Monday 30 November 2009

Life isn't fair. Is it?


I don't want to rot here like and apple.
Photography by Yours Truly.
Taken while I revised... Haha. Bring back those days.


Hello people! How's your holidays going? Mine? As usual. I don't know what to say. Well it's my second day officially "alone" in my hometown (cause my sis and her friends and my bro have returned to Singapore/Jakarta). And my first day... Was GREAT! Yeah right.
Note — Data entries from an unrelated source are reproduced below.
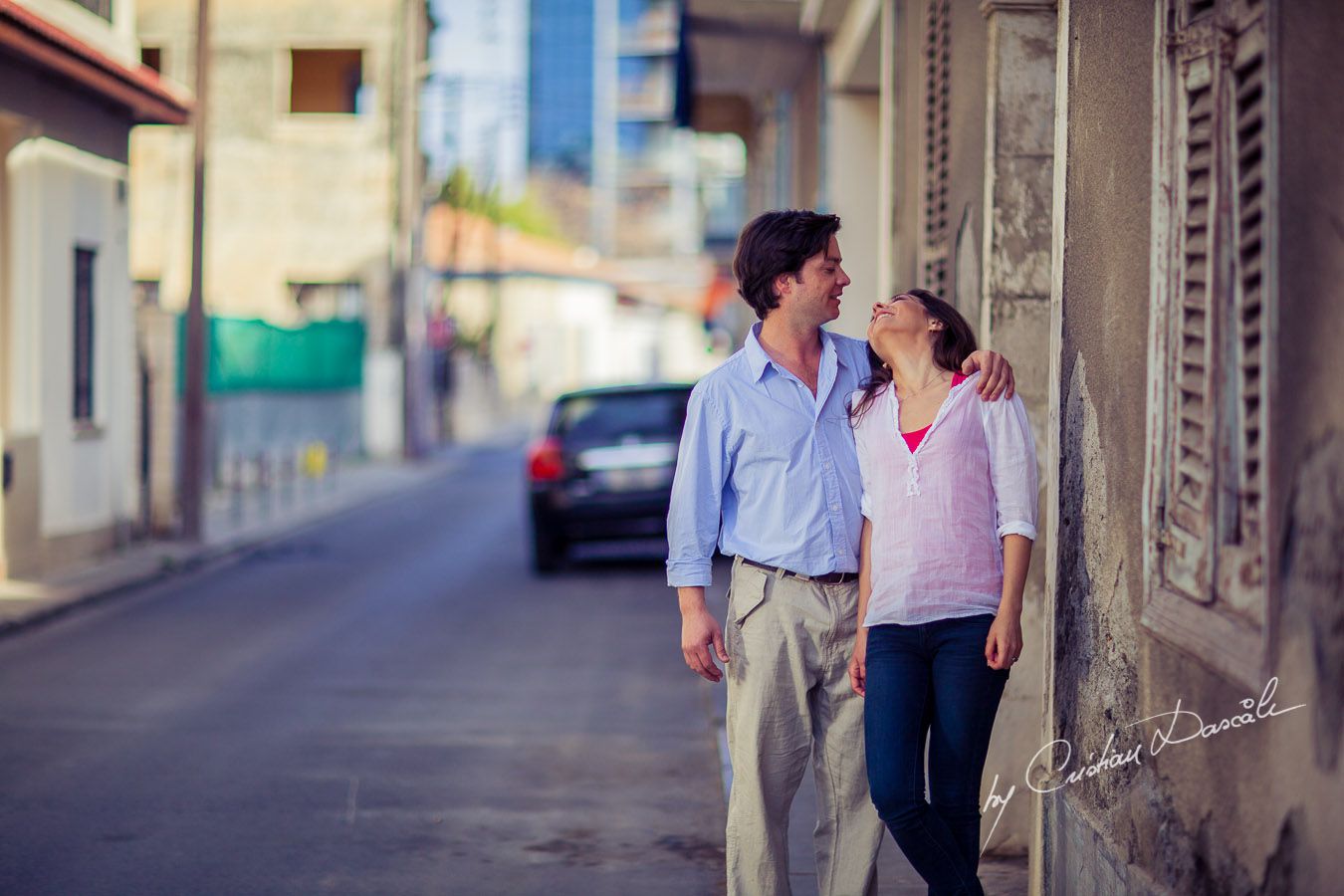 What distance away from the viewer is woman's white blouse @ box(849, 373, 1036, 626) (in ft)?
13.6

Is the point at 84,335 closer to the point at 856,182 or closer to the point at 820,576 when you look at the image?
the point at 856,182

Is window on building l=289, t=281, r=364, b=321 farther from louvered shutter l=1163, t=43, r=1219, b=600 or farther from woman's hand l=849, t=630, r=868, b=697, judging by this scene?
louvered shutter l=1163, t=43, r=1219, b=600

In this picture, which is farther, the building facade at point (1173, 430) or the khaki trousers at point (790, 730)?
the khaki trousers at point (790, 730)

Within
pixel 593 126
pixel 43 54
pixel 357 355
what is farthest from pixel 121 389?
pixel 593 126

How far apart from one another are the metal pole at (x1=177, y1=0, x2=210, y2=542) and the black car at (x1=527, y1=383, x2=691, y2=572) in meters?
3.87

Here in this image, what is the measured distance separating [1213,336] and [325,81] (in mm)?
35213

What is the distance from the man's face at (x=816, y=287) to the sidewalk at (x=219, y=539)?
838cm

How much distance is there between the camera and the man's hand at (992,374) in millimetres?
4199

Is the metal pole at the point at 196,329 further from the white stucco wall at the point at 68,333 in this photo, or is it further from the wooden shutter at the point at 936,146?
the wooden shutter at the point at 936,146

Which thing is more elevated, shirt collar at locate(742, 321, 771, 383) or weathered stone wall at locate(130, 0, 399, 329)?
weathered stone wall at locate(130, 0, 399, 329)

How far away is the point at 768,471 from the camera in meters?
4.42

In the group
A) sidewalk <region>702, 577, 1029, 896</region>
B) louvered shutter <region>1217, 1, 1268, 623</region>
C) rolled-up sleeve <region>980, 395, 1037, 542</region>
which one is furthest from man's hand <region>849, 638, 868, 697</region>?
louvered shutter <region>1217, 1, 1268, 623</region>

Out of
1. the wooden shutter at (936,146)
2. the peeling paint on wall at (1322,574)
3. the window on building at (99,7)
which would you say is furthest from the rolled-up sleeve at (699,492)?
the window on building at (99,7)

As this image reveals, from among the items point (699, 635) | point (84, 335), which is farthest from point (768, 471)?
point (84, 335) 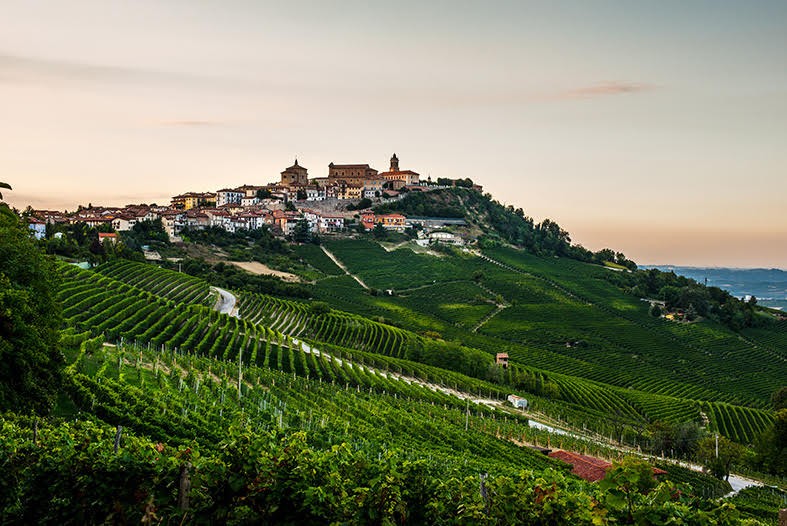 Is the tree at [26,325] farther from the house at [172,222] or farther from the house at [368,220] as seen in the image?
the house at [368,220]

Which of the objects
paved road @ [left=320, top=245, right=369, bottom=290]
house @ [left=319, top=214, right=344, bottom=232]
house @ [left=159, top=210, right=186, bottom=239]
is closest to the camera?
paved road @ [left=320, top=245, right=369, bottom=290]

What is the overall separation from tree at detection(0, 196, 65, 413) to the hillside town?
234 feet

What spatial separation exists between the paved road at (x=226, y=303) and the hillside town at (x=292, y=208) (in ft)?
102

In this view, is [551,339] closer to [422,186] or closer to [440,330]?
[440,330]

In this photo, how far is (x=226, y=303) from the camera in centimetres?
5972

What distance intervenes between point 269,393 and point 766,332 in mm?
82052

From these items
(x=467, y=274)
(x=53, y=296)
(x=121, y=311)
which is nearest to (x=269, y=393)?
(x=53, y=296)

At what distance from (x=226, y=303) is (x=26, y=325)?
46.4m

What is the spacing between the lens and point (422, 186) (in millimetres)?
150625

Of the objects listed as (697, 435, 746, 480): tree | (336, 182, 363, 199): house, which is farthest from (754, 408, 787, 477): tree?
(336, 182, 363, 199): house

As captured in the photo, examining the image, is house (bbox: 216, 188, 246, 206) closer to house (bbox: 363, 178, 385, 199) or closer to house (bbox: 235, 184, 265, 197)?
house (bbox: 235, 184, 265, 197)

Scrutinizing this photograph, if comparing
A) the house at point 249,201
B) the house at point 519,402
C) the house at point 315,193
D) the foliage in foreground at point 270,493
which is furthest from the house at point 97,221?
the foliage in foreground at point 270,493

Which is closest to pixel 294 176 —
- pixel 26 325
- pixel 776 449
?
pixel 776 449

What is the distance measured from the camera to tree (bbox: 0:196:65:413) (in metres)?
13.6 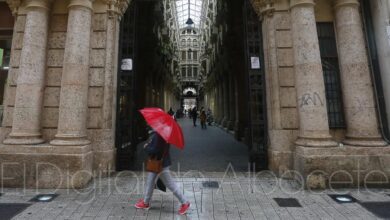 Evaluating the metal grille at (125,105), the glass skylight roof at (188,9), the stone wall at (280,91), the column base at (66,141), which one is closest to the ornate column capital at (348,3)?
the stone wall at (280,91)

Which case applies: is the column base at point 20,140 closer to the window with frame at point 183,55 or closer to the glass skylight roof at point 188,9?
the glass skylight roof at point 188,9

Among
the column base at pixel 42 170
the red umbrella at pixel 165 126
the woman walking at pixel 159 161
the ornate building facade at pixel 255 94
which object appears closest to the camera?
the red umbrella at pixel 165 126

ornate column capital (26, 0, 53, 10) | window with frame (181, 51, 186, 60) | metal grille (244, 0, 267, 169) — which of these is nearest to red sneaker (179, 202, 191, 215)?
metal grille (244, 0, 267, 169)

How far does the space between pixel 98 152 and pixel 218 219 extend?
416cm

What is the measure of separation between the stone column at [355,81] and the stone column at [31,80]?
877cm

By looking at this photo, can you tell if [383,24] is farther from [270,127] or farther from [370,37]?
[270,127]

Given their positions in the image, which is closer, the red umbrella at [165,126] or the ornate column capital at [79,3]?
the red umbrella at [165,126]

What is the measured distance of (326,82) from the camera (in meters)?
7.00

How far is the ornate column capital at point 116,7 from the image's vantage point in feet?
22.7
It was okay I suppose, so so and normal. But it's not fantastic. And I want my day to be fantastic.

Today was alright, as usual I followed my dad to the factory, the clinic and now the pharmacy. It's kind of a routine. I hope, hopefully, I could break this routine. I wanna do something else, something I want and I love doing. Not something that I "have" to do. Oh well, I was pondering to myself today in the factory.

You know I love to talk to myself (inside my heart of course) and yup, today I had a deep conversation with myself. I was pondering about how and why... But never mind, long story. I don't bother telling it here. I just want to ask why can't I have a perfect holiday like how people have their holidays. It's just... This is not a holiday you know? I doubt it is.

I need a holiday, like after four years of hard work, blood, sweat and toil. This is what I get? This? This is not what I want and yet I get it. Well it's only the first day. So I really really hope that the days would get better and better. Really! Better and better.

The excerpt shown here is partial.